The turnout was impressive – some 225 delegates ranging from community group members through to politicians, CEOs and managers. The balance was good with community group members forming a major part of the audience, and a number presenting too. Throwing all together into one room is a very healthy affair – those further up the administrative hierarchy need to better understand the practicalities, values and viewpoints of the groups that trap, weed, advocate, plant and protect the parts of the landscape where their projects are situated. And this is where things got interesting: philosophically, visually and verbally.
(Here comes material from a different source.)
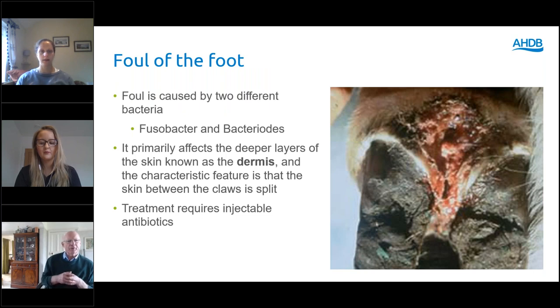Foul of the foot is caused by two different bacteria: Fusobacterium and Bacteroides. The important thing about foul of the foot is that it infects and affects the deeper layers of the foot tissue and produces a necrosis — the infection gets in there and leads to rotting of the tissue deep within the foot. Because of that, you get a marked swelling of the foot, and because it's deep within the foot, you need to treat with injectable antibiotics. The picture on the right-hand side is an extreme version.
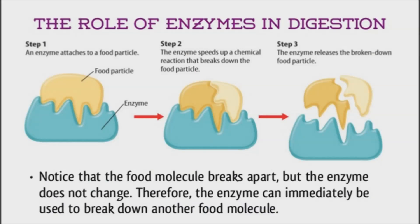A balanced body produces digestive enzymes on its own. The key to promoting digestive enzymes in the body lies not only on what you eat, but also on how you eat your food. Instead of reaching for a pill, increase the production of digestive enzymes in your body naturally by implementing these simple techniques.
Many successful groups i.e. those that endure have developed strategic partnerships. Though this is only one of many ingredients, it’s an important one because it highlights the need to be able to converse fluently in the world of commerce. Some of the infograms on display from managers were intriguing – various pastel ovals and rhythmical arrows dancing harmoniously, tidily, conclusively. The language was one of partnerships and collaboration. Community presentations lacked the pastel panache and occasionally used words like ‘bugger!’ Giggles rippled through the audience, most present absolutely able to relate to the constant challenges of physically demanding work and learning the hard way through experience.
My observations are of a disjunction top down and bottom up, often with a large blurry space in the middle. Despite all of the advances in technology, people still need to be in the same room talking and listening to build substance and definition – especially now with government agencies mapping out new ways of operating. For such community conservation advocate and practitioner numbers to congregate in Dunedin (‘The Riviera of Antarctica’ one bumper sticker claimed) bodes well for similar, future conferences. In all, it was inspiring, exhausting and extremely informative.
I’ve taped a reminder onto the fridge to start a digital wall chart for logging our Mainland cheese purchases – because those diminutive penguins and the Trust that looks after them, deserve it.